Door de kruisvaarders werden indertijd zaadjes naar het Westen gebracht. De Fransche benaming voor boekweit is dan ook nog altijd „Blé des Sarasins", omdat waarschijnlijk Fransche kruisridders het „Saracenenkoren” ingevoerd hebben. De bij ons gebruikelijke naam boekweit, is een verbastering van Buchweizen, de Duitsche nomenclatuur, wat „beukentarwe” beteekent, omdat de vruchtjes sprekend gelijken op kleine beukennootjes. Een andere Duitsche benaming is „Heidenkorn’'. De boekweit gedijt op allerlei grondsoorten en groeit ook voortreffelijk op zand. De vruchtjes zijn op ongelijke tijden rijp, Zoodat altijd een groot deel van het zaad verloren gaat. Ook het oogsten schijnt lastig te zijn en gaat met aanzienlijk verlies gepaard. De plant geeft echter behalve meel een zeer goed en sappig groenvoer.
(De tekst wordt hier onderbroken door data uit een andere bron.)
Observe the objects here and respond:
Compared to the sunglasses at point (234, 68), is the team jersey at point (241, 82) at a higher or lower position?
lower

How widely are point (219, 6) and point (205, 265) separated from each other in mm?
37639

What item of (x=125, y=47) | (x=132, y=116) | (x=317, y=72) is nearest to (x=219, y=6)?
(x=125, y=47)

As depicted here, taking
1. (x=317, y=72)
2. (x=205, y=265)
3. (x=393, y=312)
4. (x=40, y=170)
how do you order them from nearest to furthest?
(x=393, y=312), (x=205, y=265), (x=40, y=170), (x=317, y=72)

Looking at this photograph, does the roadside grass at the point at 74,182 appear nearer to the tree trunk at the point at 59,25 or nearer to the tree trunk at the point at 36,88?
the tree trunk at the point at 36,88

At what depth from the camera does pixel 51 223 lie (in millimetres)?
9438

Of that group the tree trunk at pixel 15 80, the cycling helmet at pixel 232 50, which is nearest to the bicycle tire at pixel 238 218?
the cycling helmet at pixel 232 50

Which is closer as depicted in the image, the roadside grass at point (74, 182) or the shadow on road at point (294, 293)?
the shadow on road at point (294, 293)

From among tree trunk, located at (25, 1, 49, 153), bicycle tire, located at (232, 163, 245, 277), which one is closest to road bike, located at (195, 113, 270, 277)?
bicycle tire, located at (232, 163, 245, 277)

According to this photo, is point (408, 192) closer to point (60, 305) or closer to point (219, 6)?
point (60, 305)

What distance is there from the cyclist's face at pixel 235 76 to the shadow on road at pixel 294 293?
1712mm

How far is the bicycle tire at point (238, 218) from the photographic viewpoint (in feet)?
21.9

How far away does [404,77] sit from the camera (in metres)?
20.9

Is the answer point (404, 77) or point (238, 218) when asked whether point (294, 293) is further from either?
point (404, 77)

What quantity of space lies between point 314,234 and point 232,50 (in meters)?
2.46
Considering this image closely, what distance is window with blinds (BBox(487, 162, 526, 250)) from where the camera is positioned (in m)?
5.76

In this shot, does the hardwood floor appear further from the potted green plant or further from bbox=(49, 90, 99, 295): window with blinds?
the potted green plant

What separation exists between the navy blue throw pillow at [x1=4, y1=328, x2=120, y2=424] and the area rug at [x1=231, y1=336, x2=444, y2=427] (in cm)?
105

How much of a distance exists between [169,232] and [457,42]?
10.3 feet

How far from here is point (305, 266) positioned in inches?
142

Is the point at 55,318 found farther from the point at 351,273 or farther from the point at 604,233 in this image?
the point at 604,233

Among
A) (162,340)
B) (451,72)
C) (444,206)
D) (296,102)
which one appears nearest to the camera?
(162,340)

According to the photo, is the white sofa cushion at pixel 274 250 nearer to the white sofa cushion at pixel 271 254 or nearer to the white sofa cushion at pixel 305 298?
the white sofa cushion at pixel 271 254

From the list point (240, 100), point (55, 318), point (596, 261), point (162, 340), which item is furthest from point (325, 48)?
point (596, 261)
De oogst kan zich tot op het laatst toe gunstig aan laten zien en dan door één nachtvorst totaal bedorven worden. Boekweit is een gewas dat betrekkelijk snel groeit, het wordt in de tweede helft van Mei gezaaid en reeds in begin van September geoogst. Men spreekt zelden van boekweitbloem, ofschoon dit toch door builen uit boekweit meel verkregen wordt. Dit product noemt men boekweitmeel, ofschoon het volkomen te vergelijken is met de bloem uit graanvruchten. Uit boekweitmeel kan geen brood gebakken worden het mist de beroemde kleefstof, waardoor uit tarwemeel de broodstructuur ontstaat. Dergelijk brood zou dus plat blijven.
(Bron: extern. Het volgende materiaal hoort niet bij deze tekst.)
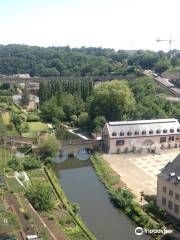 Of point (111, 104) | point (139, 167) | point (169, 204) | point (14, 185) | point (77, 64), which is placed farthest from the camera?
point (77, 64)

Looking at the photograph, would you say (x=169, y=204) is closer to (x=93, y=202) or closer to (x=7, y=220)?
(x=93, y=202)

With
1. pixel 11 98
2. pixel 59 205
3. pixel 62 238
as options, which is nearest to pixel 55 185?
pixel 59 205

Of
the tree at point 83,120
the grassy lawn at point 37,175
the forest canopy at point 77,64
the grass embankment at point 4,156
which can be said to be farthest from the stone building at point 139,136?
the forest canopy at point 77,64

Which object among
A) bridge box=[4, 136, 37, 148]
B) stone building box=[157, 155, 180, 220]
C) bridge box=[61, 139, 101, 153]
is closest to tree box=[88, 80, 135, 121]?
bridge box=[61, 139, 101, 153]

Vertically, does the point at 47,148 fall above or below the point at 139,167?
above

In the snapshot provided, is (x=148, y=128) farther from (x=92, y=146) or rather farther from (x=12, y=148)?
(x=12, y=148)

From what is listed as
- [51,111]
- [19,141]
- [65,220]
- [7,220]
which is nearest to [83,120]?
[51,111]

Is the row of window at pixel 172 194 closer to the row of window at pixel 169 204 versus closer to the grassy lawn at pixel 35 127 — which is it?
the row of window at pixel 169 204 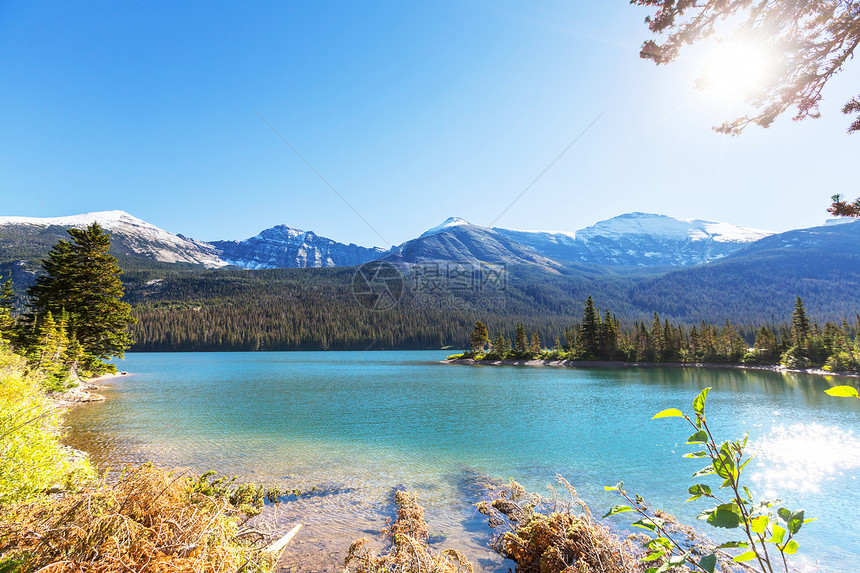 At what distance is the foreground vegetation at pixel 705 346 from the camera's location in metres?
50.8

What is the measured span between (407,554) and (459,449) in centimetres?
1132

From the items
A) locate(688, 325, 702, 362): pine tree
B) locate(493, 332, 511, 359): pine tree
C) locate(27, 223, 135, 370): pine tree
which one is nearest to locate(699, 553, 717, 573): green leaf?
locate(27, 223, 135, 370): pine tree

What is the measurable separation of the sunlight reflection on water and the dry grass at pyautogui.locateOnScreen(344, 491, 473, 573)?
1061 cm

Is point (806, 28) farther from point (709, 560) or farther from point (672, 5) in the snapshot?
point (709, 560)

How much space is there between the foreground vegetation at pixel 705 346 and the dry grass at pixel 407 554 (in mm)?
57304

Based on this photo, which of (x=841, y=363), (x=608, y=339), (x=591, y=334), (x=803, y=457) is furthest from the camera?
(x=591, y=334)

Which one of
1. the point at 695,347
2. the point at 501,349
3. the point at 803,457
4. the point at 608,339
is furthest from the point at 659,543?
the point at 501,349

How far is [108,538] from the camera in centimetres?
379

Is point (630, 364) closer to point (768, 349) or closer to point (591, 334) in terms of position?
point (591, 334)

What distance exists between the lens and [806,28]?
5.50m

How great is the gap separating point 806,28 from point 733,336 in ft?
252

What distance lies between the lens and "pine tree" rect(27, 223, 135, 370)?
30.4 metres

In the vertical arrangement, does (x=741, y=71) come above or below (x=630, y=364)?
above

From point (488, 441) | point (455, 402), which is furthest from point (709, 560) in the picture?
point (455, 402) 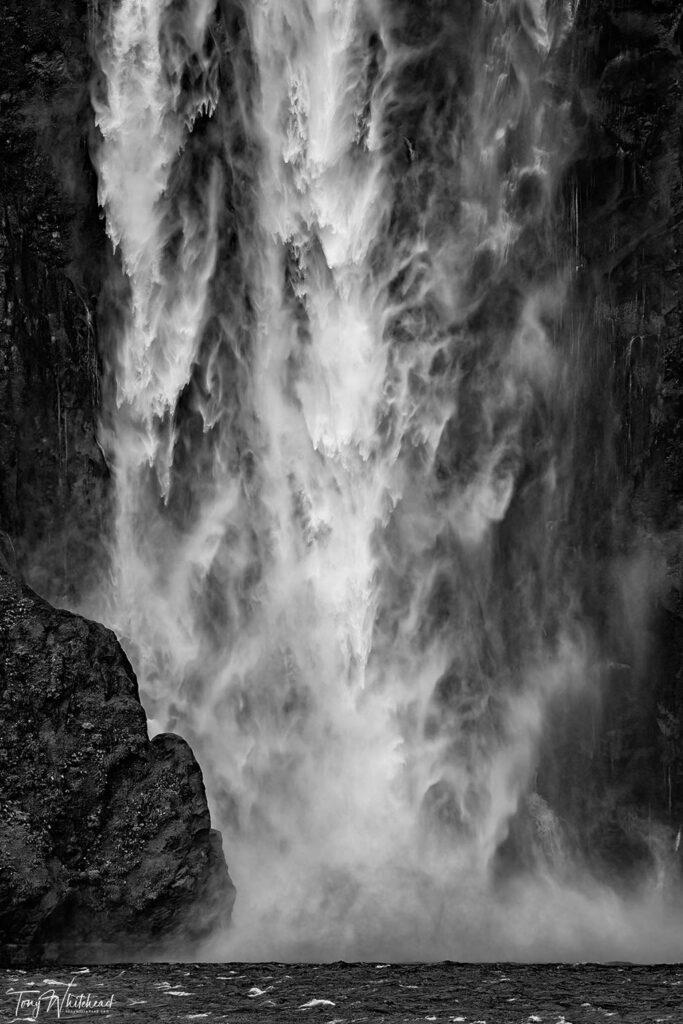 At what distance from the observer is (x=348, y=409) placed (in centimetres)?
1370

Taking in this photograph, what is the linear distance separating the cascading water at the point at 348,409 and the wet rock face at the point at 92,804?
155cm

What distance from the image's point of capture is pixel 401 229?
536 inches

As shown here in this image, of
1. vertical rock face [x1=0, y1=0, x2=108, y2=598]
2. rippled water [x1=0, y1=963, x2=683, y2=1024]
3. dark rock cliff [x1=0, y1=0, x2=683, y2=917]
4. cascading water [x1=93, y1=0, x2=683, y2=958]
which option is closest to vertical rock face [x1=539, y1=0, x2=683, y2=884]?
dark rock cliff [x1=0, y1=0, x2=683, y2=917]

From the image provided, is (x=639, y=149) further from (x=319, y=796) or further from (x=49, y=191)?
(x=319, y=796)

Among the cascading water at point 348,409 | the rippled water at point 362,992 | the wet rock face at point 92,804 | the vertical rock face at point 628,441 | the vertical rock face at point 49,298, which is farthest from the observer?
the cascading water at point 348,409

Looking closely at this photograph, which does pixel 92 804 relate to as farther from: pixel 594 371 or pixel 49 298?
pixel 594 371

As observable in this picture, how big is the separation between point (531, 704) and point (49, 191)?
752 cm

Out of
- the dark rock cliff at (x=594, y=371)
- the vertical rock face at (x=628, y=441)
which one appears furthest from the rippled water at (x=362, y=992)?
the dark rock cliff at (x=594, y=371)

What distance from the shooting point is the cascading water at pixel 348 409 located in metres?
13.4

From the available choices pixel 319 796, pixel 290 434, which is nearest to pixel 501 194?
pixel 290 434

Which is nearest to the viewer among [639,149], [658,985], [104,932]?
[658,985]

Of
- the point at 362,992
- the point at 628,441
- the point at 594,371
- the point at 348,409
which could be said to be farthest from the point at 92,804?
the point at 594,371

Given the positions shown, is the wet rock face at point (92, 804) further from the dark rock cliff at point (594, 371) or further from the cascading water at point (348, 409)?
the dark rock cliff at point (594, 371)

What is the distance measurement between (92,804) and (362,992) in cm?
316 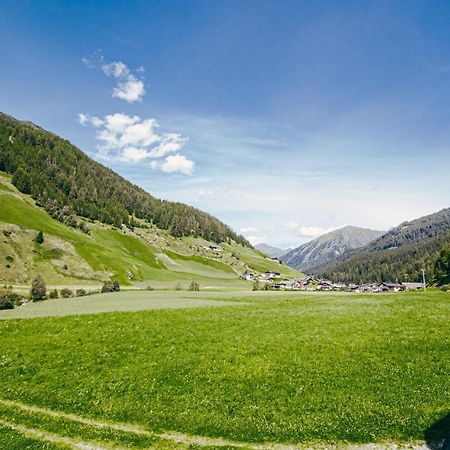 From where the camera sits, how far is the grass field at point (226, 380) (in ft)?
68.2

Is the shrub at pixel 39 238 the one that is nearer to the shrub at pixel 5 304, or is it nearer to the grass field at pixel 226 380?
the shrub at pixel 5 304

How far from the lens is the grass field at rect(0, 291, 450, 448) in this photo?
2078cm

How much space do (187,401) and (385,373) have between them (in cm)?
1442

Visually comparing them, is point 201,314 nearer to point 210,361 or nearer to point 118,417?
point 210,361

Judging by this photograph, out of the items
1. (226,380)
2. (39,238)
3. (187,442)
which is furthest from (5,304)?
(39,238)

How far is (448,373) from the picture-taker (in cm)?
2470

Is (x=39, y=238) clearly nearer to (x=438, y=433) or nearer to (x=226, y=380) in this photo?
(x=226, y=380)

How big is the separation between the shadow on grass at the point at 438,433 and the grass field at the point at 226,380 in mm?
183

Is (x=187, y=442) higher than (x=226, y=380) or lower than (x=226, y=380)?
lower

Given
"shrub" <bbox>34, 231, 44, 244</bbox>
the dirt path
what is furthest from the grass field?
"shrub" <bbox>34, 231, 44, 244</bbox>

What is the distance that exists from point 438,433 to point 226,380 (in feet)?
44.3

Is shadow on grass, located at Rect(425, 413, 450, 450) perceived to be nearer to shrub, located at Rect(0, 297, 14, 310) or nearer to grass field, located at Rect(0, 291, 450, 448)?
grass field, located at Rect(0, 291, 450, 448)

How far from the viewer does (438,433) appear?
65.0 ft

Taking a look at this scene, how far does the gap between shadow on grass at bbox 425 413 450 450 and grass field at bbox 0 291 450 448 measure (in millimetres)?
183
Toch wordt boekweitmeel voor bepaalde doeleinden verlangd bijv. als pannekoekenmeel, de zoogenaamde weitekoeken en in de bekende „poffertjes.”. Als gemiddelde samenstelling vinden wij opgegeven: water 14%, eiwit 8 %, vet 1,5 %, koolhydraten 74,5 %, ruwvezelstof 0,7 %, voedingszouten 1,3%. Tegenwoordig wordt veel boekweit in Amerika en in Rusland verbouwd. Het melige zaadje bevat een S vormigen kiem, die zeer rijk is aan eiwit. Vaak houden de boeren een kampje boekweit bij hun hoeve aan, terwille van het pluimvee en van de bijen, die er de bekende boekweithoning van halen. In het Zuiden van Europa bereidt men van boekweitmeel of boekweit grutten een soort pap „polenta-nera”, die voor zeer voedzaam doorgaat, maar ons minder bekoren kan.
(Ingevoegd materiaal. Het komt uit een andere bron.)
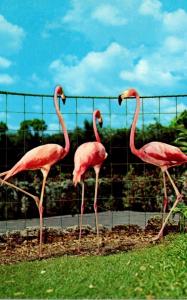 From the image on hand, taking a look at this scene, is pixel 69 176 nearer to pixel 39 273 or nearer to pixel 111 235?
pixel 111 235

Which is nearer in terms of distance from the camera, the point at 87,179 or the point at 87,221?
the point at 87,221

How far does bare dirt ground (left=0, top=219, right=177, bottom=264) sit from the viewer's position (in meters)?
7.50

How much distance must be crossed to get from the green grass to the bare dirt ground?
44 cm

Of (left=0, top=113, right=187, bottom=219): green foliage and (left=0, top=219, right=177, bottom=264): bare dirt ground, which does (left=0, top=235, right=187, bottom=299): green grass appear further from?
(left=0, top=113, right=187, bottom=219): green foliage

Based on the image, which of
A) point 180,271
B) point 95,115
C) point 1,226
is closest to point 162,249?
point 180,271

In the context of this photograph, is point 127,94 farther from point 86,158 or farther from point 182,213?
point 182,213

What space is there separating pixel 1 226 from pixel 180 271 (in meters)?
6.51

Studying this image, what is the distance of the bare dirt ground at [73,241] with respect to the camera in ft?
24.6

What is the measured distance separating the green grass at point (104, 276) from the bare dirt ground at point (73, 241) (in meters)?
0.44

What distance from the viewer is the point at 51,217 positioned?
12.7m

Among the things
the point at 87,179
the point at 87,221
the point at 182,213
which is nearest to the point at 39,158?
the point at 182,213

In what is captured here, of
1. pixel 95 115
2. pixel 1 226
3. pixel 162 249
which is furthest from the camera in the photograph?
pixel 1 226

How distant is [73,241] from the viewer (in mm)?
8383

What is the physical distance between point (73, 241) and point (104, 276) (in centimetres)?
260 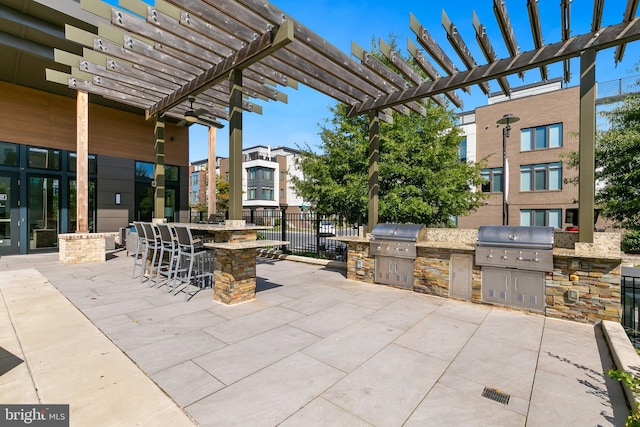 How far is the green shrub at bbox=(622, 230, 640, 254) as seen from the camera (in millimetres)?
10516

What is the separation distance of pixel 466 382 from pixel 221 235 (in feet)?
→ 13.8

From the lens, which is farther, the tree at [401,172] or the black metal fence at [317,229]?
the black metal fence at [317,229]

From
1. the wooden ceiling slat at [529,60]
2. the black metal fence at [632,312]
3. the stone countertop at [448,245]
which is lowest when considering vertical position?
the black metal fence at [632,312]

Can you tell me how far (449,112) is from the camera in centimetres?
1009

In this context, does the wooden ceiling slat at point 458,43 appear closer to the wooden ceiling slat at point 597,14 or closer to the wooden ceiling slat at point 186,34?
the wooden ceiling slat at point 597,14

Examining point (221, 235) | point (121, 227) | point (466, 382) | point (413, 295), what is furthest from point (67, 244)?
point (466, 382)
Boekweitmeel en -grutten worden in het Meelbesluit genoemd.

Het aschgehalte van boekweitmeel mag niet hooger zijn dan 1,8 % der droge stof en dat van boekweitgrauwmeel niet hooger dan 2,2 % der droge stof. Het ruwzandgehalte niet hooger dan 0,1 % en van boekweitengrauwmeel 0,2 %. Het watergehalte mag niet hooger zijn dan 16,5 °/0. Overigens moet ook boekweitmeel voldoen aan de eischen waaraan meelsoorten in het algemeen moeten voldoen.

De productie van dit wisselvallig gewas is in den laatsten tijd zeer verminderd.

Het boekweitzaad bevat 10 % eiwit, 1,5 % vet, 58,4 % zetmeel en 15 % ruwvezelstoffen.

De boekweitdop is zeer bestendig en wordt gebruikt om glaswerk enz. in te verpakken. De aanduiding op de bakken in winkels enz. moet met hoofdletters van minstens 2 cm geschieden.